Change in Dividend Payable

Period-to-Period Movement in Accrued Dividend Obligations

Section
Operating Activities (indirect method)
Increase =
+ Cash flow (delayed payment)
Decrease =
- Cash flow (paying prior declarations)
Trigger
Dividend declaration date
Non-Cash
Working capital adjustment

Change in Dividend Payable is the net increase or decrease in the liability for dividends that have been declared by the board but not yet paid to shareholders. This line appears in the operating activities section of the indirect-method cash flow statement. An increase adds to operating cash flow (dividends declared but cash not yet paid), while a decrease subtracts (paying out previously declared dividends).

Table of Contents

What It Really Means

Dividends become a liability the moment the board declares them—creating Dividends Payable. Cash only leaves on the payment date.
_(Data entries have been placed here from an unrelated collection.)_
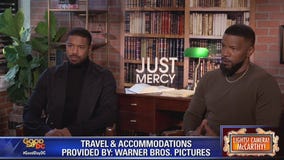 Michael B. Jordan, Jamie Foxx star in Just Mercy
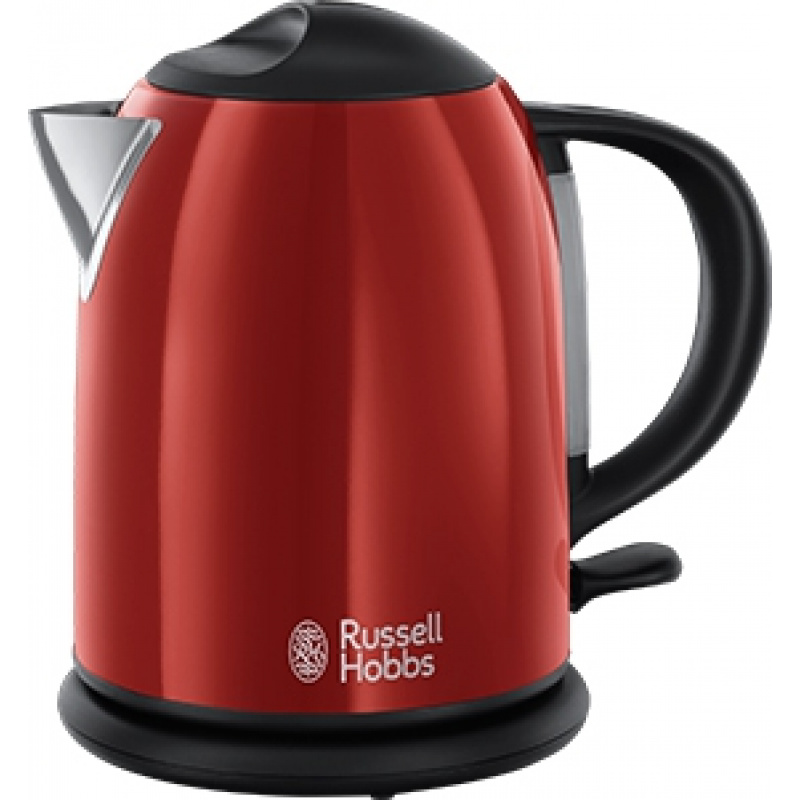 Russell Hobbs Colours czajnik elektryczny płomienno czerwony 20191-70 - Russell Hobbs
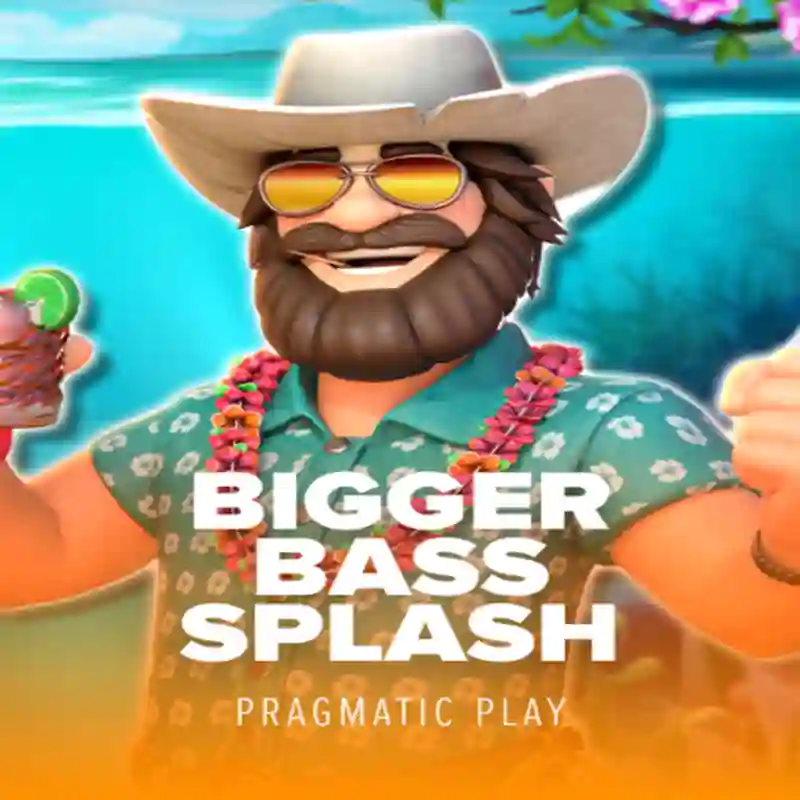 Bigger Bass Splash slot game en wazamba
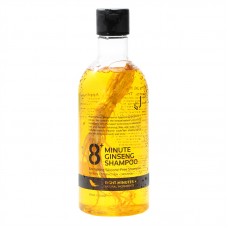 8+ MINUTES  8分钟人参防脱无硅油洗发水400ml （买一送一）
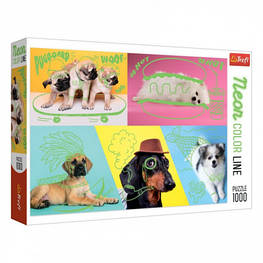 Пазл Trefl Кльова сім&apos;я , 1000 елементів (6336175) - оригінал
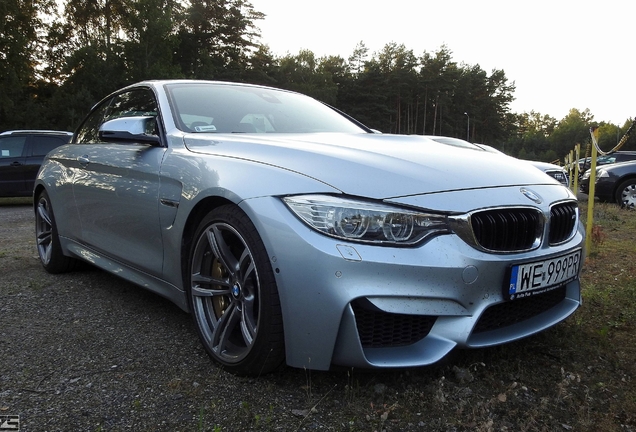 BMW M4 F83 Convertible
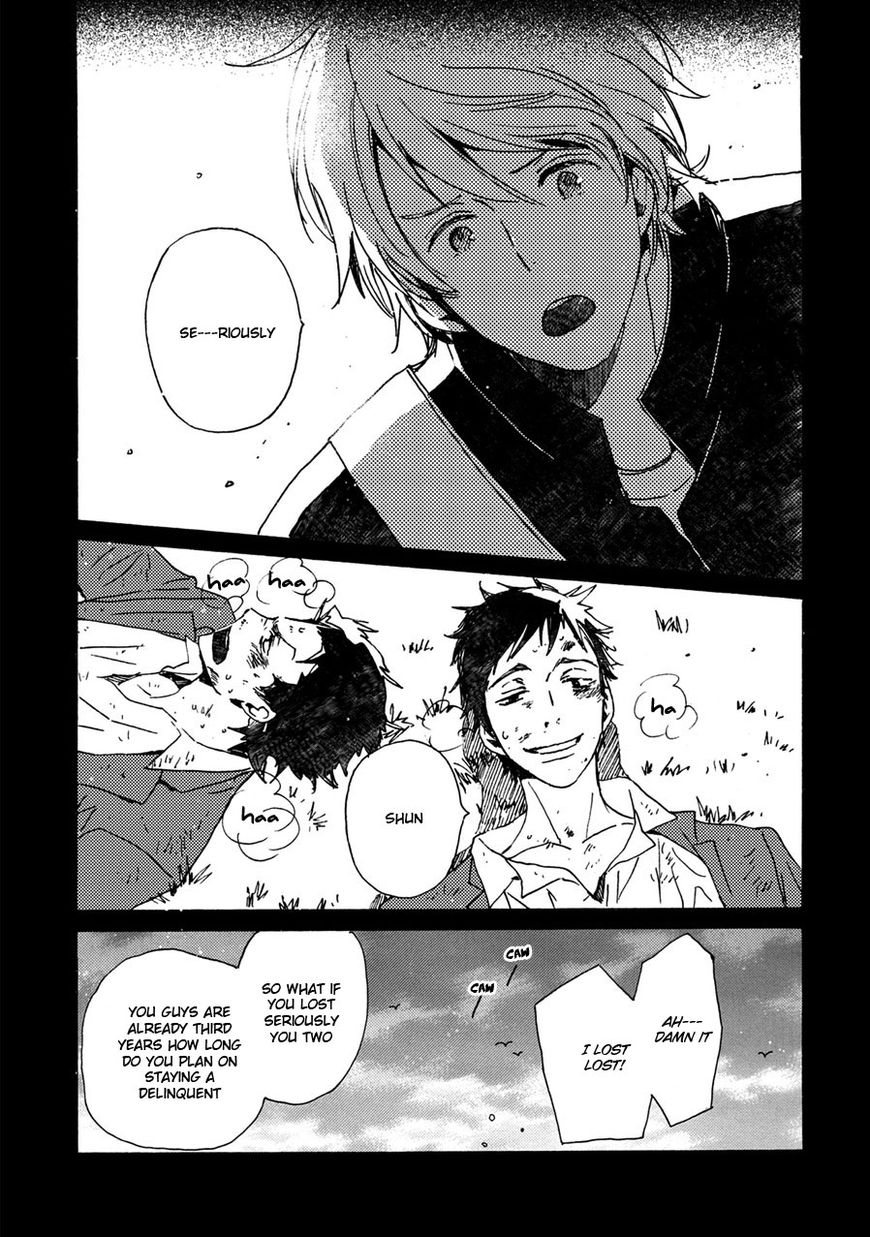 Saiyaku wa Boku o Suki Sugiru chapter 40 page 3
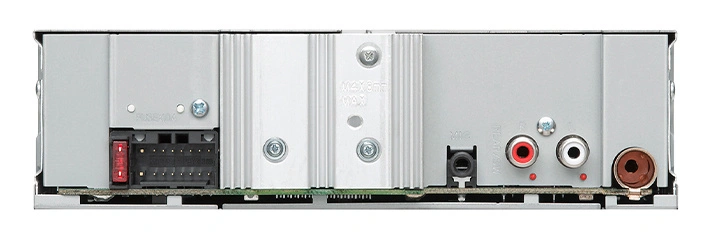 Автомагнитола Kenwood KMM-BT208 1DIN 4x50Вт — миниатюра 3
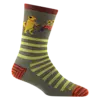 Darn Tough Animal Haus No-Cushion Lightweight Lifestyle Crew Sock Women's 6037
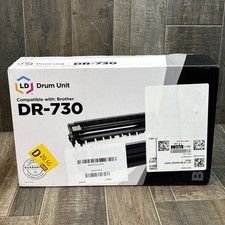 LD Drum Unit DR-730 Compatible with Brother Printers Black New Sealed  picture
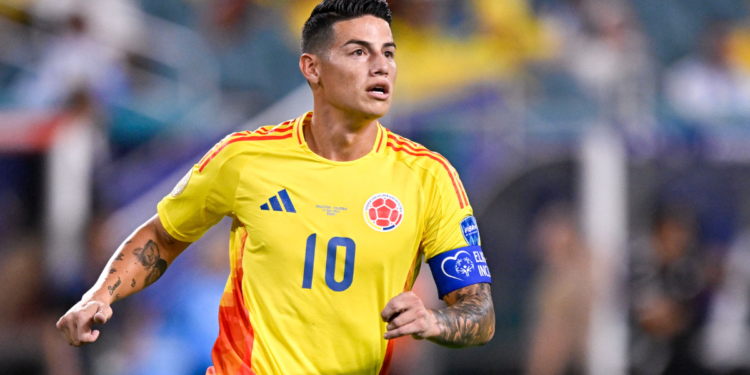 James Rodríguez tendrá una serie documental en Netflix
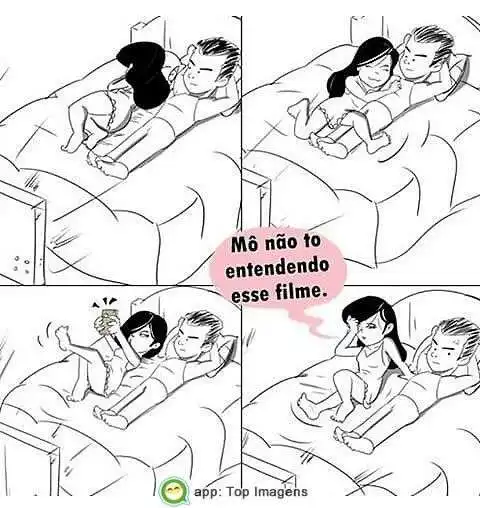 Não tô entendendo esse filme
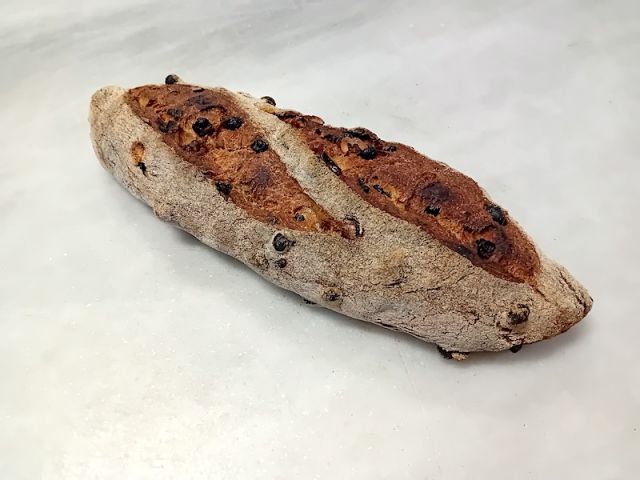 PAN PASAS Y NUECES 800G MÁLAGA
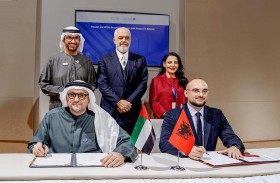 تعاون بين مصدر وشركة الطاقة الألبانية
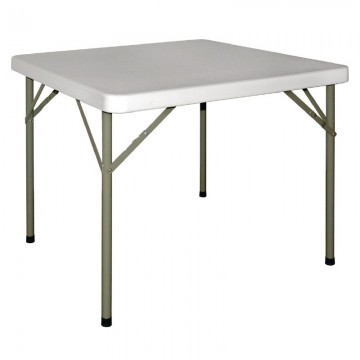 Gy807 vierkante opklapbare tafel 86cm bolero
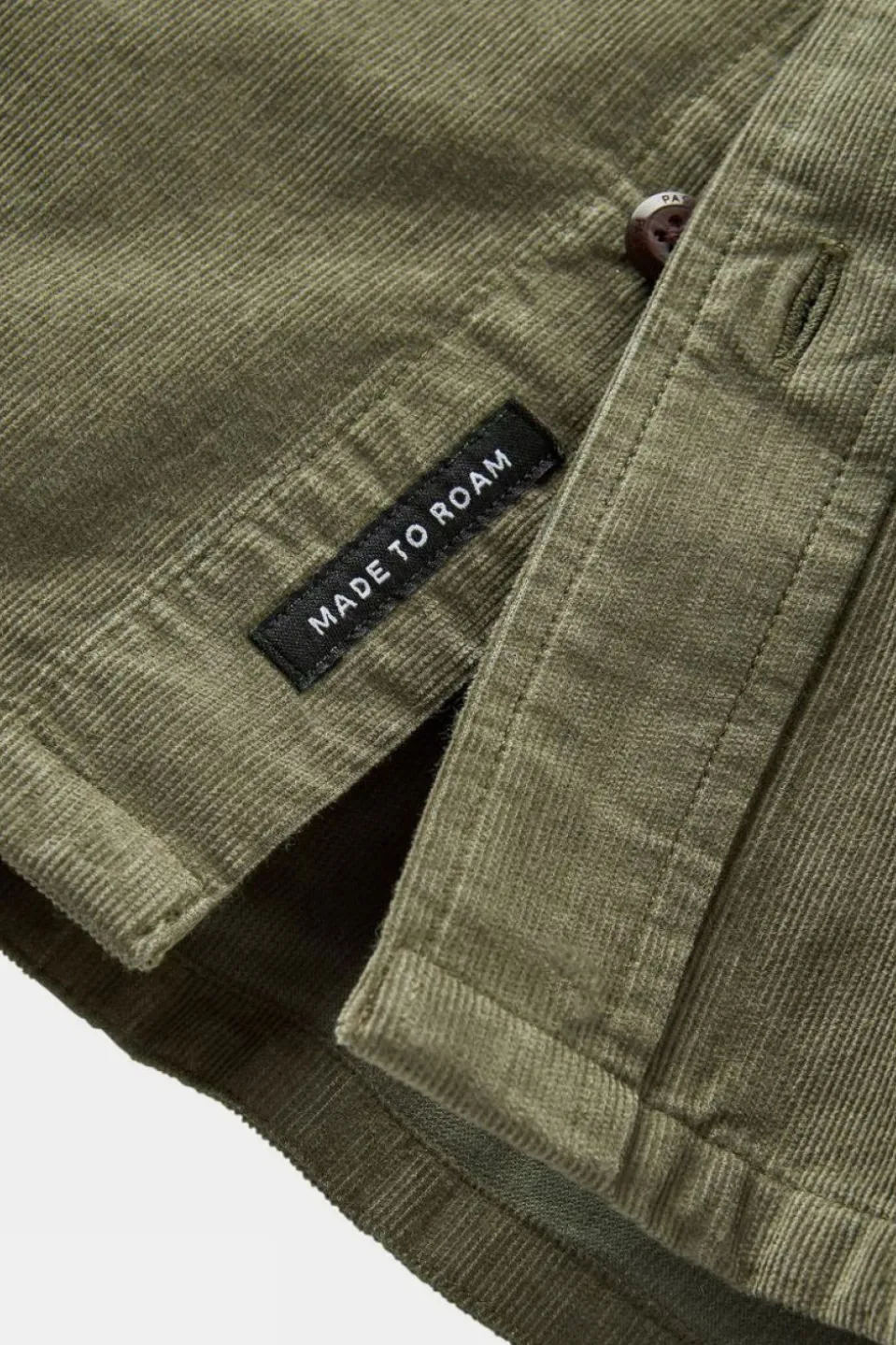 Chemise Backcountry Cord Light Shirt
When the liability grows (more declared than paid), you're keeping cash longer—positive for operating cash flow. When it shrinks (more paid than declared), cash goes out to settle past declarations—negative for OCF.

A Clear Example

Company pays quarterly dividends.

  • Q4 declaration (December): $10M dividend for Q4, payable in January
  • Year-end: Dividends Payable rises $10M
  • Cash flow this year: +$10M Change in Dividend Payable (add-back)
  • January next year: Pay $10M cash
  • Next year cash flow: -$10M Change in Dividend Payable

This year OCF gets a timing boost; next year takes the cash hit.

Common Drivers

  • Declaration vs. payment date timing (especially year-end)
  • Dividend increase (higher declarations)
  • Special or one-time dividends
  • Preferred vs. common dividend schedules
  • Arrears on cumulative preferred

Quarterly payers often show swings around fiscal year-end.

How It Fits in Cash Flow

Indirect method operating section:

  • Net Income
  • + Non-cash items
  • + Increase in Dividend Payable (or − Decrease)
  • = Cash from Operations

It's a working capital adjustment for dividend timing.

What a Change Tells You

  • Rising → conserving cash on dividends (OCF boost)
  • Falling → paying out past declarations (cash drain)
  • Year-end spike common (declaration before payment)
  • Link to dividend policy changes
  • Preferred arrears buildup (if cumulative)
✅

Compare to actual cash dividends paid (financing) for full picture.

Key Takeaways

1

Change in Dividend Payable adjusts for timing between declaration and payment.

2

Increase adds to OCF (cash retained); decrease subtracts.

3

Driven by board declaration schedule.

4

Common year-end effect from Q4 declaration.

5

Part of working capital changes.

6

Pair with financing dividends paid for total cash impact.